Today Noah went in uniform to Parkway Presbyterian church to talk to a gaggle of 6-year-old Brownies about stranger danger. My friend Laura's daughter is part of the troop, and safety was today's theme. So naturally I volunteered Noah to be the guest speaker.
He was surprised by the number of questions they asked having to do with the gun; he was more surprised that one of the girls could identify the pepper spray on his belt, which looks almost like a mini can of spray paint with a special nozzle.
I was reminded of my childhood safety training, imparted mostly by my mom. Growing up in L.A., I was taught to be extra cautious (for instance, not to take stickers from big kids because some drug-laced ones had been going around). When I got old enough to walk home alone, I'd usually carry a sharpened pencil or a pen to--I don't know, use as a weapon? Write little clues to leave along the trail if I was abducted? It wasn't until I moved out of L.A. that I realized that most elementary and middle schools actually don't have six-foot-high chain link fences surrounding them.

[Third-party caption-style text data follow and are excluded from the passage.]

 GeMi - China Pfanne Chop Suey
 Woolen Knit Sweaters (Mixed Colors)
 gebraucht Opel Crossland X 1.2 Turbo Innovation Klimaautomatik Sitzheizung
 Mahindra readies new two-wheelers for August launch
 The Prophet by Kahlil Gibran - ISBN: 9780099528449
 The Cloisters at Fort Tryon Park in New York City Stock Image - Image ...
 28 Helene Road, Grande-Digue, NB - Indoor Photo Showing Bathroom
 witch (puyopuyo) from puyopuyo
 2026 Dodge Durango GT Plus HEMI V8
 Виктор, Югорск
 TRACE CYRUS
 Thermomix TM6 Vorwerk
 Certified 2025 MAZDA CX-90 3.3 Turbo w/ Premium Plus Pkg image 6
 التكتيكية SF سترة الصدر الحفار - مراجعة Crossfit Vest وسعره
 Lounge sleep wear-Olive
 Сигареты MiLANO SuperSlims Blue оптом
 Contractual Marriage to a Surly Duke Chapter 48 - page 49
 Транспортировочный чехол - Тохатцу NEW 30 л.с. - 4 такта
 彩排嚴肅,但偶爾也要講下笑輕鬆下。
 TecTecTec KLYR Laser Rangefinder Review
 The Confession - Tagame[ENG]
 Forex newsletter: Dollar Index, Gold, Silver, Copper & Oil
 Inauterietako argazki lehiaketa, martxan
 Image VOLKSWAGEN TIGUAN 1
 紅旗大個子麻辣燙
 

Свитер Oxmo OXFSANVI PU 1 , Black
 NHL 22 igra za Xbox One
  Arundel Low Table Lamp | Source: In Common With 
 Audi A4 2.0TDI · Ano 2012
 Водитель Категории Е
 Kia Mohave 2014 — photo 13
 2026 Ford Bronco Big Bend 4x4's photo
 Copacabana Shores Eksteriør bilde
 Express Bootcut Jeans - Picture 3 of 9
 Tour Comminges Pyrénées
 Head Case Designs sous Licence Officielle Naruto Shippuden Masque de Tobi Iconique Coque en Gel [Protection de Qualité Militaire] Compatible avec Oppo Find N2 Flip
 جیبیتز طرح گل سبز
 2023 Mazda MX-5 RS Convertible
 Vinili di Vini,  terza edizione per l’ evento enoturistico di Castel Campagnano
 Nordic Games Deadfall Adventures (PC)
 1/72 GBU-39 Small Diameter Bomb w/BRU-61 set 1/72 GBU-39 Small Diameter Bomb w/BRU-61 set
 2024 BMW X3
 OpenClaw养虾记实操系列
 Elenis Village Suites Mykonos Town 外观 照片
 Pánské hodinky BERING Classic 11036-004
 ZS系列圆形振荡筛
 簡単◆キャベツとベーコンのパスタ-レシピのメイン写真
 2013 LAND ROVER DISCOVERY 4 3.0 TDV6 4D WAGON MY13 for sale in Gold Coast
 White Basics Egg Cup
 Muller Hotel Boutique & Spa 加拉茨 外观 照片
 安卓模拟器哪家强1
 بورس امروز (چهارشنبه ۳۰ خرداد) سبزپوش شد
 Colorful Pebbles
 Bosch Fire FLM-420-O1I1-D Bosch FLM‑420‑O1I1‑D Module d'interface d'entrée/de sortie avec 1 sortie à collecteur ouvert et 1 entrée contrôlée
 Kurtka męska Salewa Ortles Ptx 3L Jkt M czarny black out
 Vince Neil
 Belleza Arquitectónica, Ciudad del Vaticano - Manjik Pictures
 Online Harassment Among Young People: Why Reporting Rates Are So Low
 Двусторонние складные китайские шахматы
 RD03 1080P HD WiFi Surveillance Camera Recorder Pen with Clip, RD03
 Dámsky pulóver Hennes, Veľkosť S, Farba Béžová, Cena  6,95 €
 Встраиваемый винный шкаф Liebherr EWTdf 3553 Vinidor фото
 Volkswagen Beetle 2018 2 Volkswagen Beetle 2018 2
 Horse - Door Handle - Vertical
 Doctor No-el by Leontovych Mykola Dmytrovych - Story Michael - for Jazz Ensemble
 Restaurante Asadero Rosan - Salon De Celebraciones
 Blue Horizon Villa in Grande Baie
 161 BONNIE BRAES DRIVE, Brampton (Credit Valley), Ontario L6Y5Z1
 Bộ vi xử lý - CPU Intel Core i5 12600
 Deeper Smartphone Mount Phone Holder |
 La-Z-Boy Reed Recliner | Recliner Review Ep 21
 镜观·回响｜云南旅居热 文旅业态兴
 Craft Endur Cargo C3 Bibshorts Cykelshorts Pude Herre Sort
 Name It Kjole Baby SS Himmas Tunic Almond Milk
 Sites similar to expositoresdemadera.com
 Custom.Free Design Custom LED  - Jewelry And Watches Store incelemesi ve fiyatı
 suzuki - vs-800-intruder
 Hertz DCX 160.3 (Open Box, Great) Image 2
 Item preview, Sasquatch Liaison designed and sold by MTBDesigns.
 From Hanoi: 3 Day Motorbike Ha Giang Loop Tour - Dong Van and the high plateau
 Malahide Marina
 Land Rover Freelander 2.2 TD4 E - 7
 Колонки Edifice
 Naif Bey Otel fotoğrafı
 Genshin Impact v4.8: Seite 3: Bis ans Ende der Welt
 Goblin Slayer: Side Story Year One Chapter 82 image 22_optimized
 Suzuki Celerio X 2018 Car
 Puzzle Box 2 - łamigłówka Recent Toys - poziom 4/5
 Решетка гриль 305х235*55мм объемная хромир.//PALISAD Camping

Periodically my mom would go over procedures related to stranger danger. Once, in maybe third grade, we were driving along, just Mom and me, and she asked "Now what would you do if some man tried to grab you?" To which I immediately replied, "Kick him in the balls." Needless to say, that's not precisely what Mom was expecting. "Oh, also scream 'I don't know this person!'" I might have added, to soften the blow of unexpected vulgarity springing from the mouth of a 45-pound nymph with the physique of an overgrown preying mantis.
I also got to select a code word that only my parents and I would know, that they would pass on to anyone who needed to pick me up from school in the event of emergency. Naturally, I chose "diamond."
Laura laughed heartily when I told her this, and then she told me about what her daughter wanted to do for her science project: "Umm, something with the weather, like how it goes from sunshine to rain and snow. And unicorns."
"She might be smart," said Laura, "but she's still six."